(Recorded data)
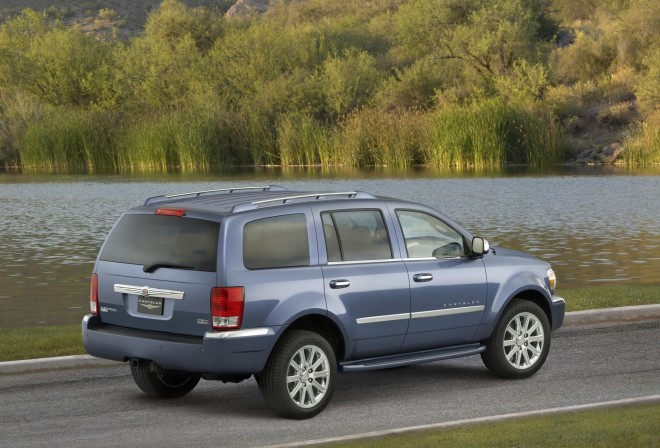 2009 Chrysler Aspen Wallpapers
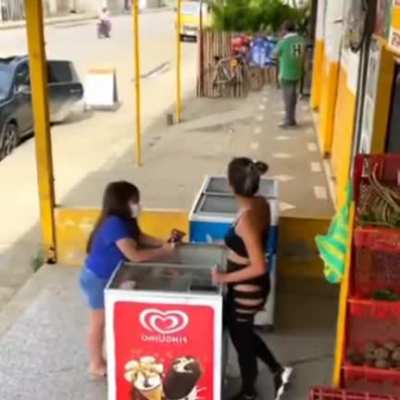 Human Trafficker attempts to kidnap a child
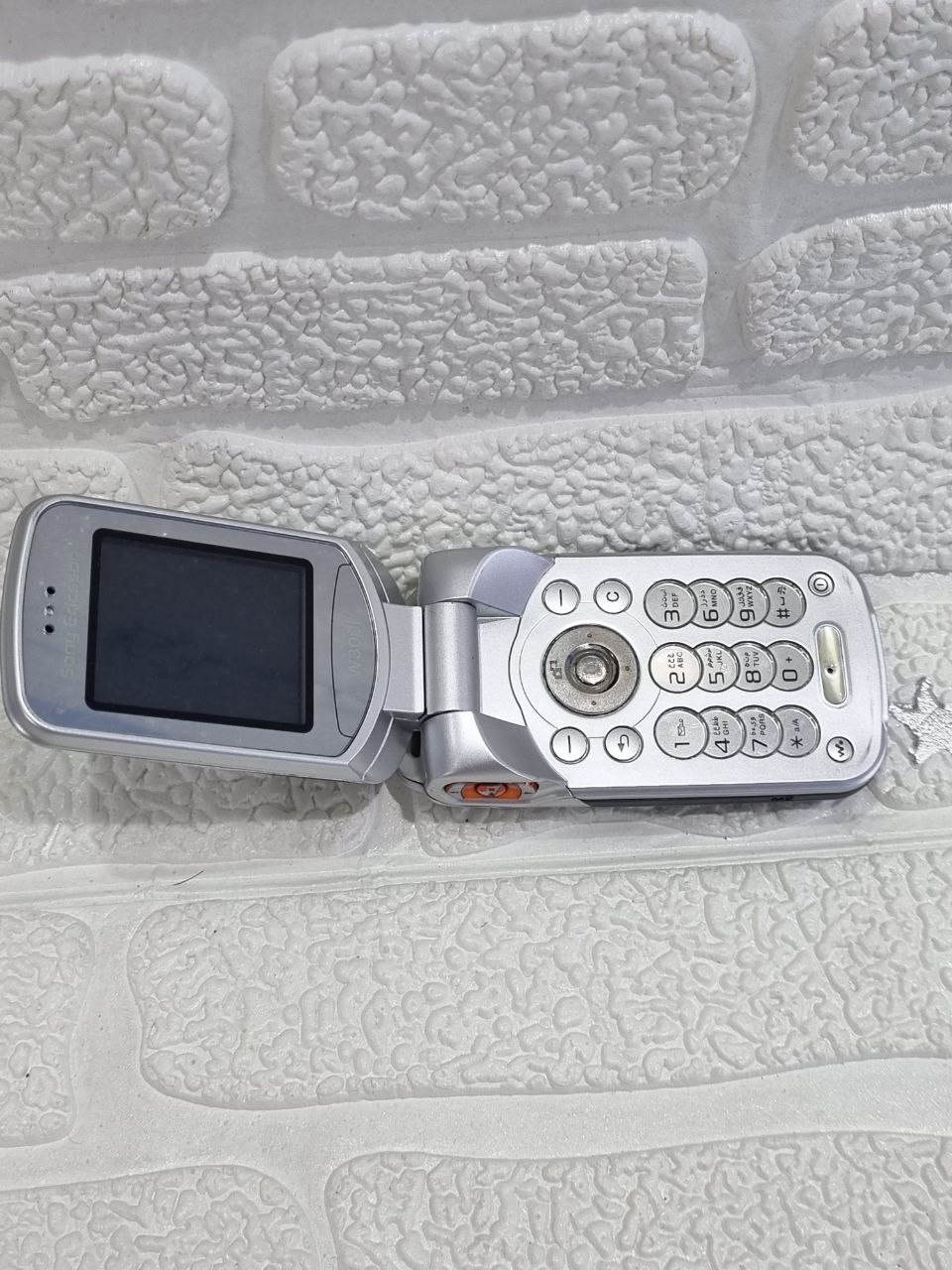 گوشی موبایل سونی ایریکسونSony Ericsson Z530i ( اصلی )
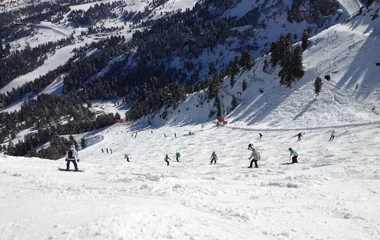 Pessoas praticando esqui nas montanhas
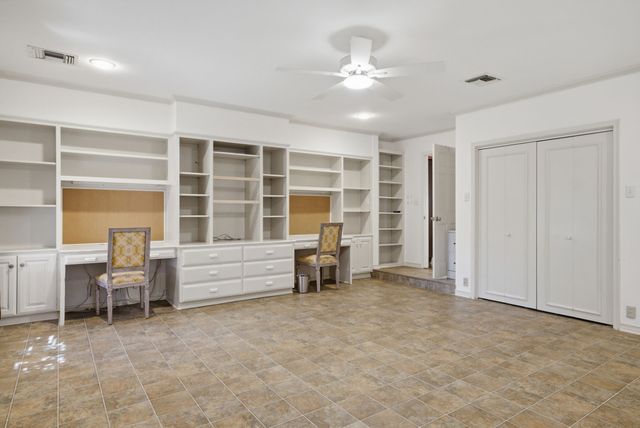 2725 Pecan Drive, Tyler, TX 75701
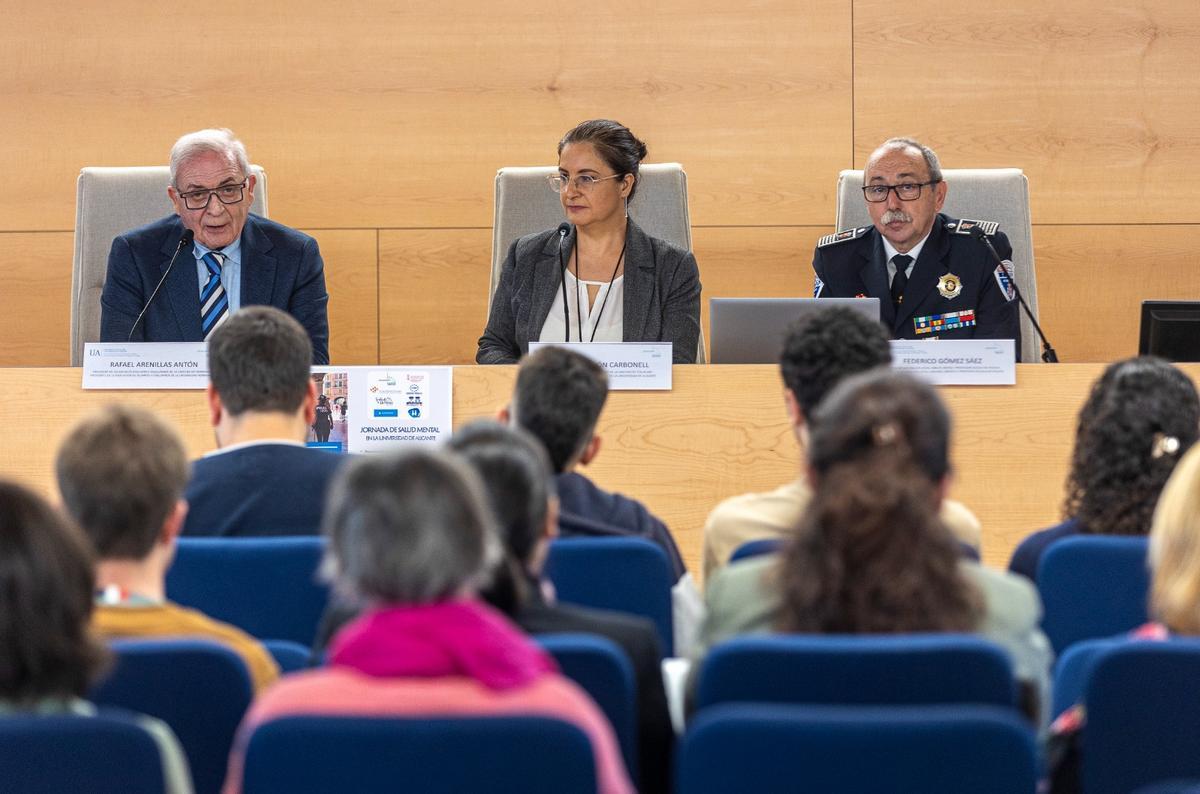 De izda. a dcha., Rafael Arenillas y Marián Aleson de la Universidad Permanente de Alicante y Federico Gómez, coordinador del estudio
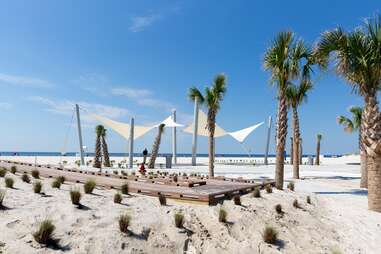 Beaches Near New Orleans: Beachfront Towns and Road Trip Destinations ...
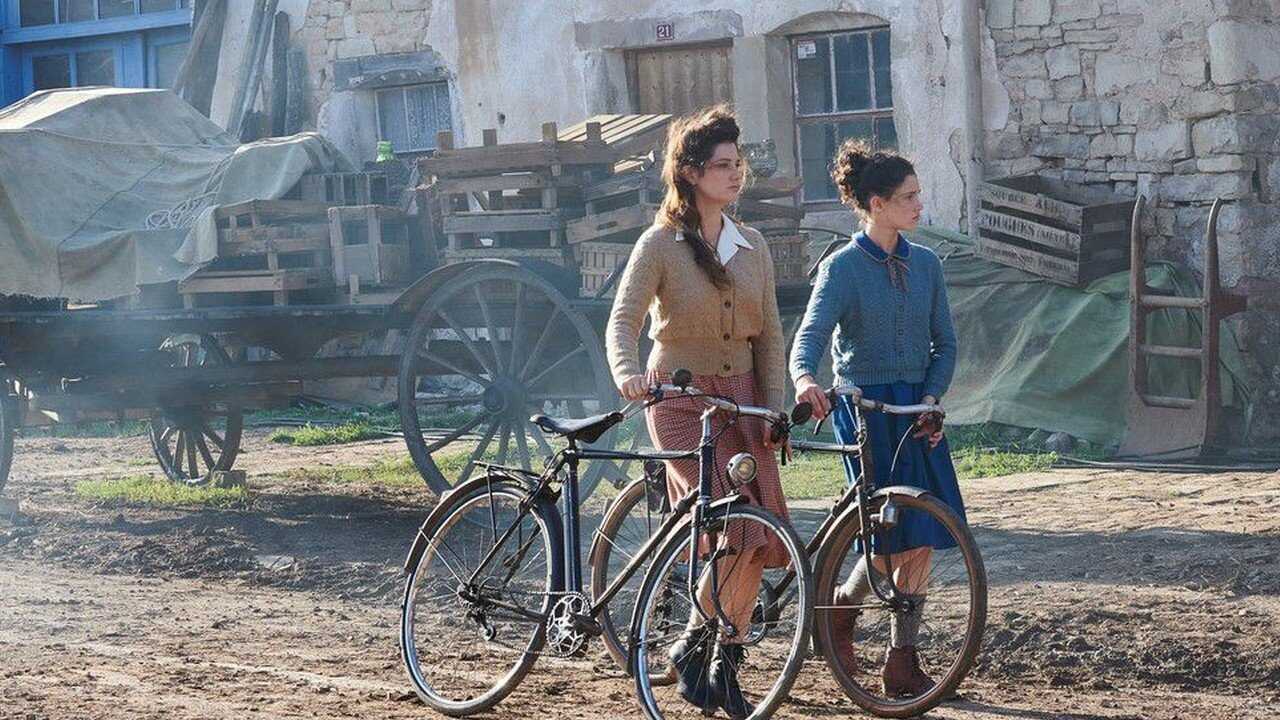 Fantastyczna podróż Margot i Marguerite (2020) 0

» Exercise description:
Set down word for word every line from the line containing "De izda. a dcha., Rafael" through the last line of the entries, and nothing more; no pictures.

» Problem solution:
 De izda. a dcha., Rafael Arenillas y Marián Aleson de la Universidad Permanente de Alicante y Federico Gómez, coordinador del estudio
 Beaches Near New Orleans: Beachfront Towns and Road Trip Destinations ...
 Fantastyczna podróż Margot i Marguerite (2020) 0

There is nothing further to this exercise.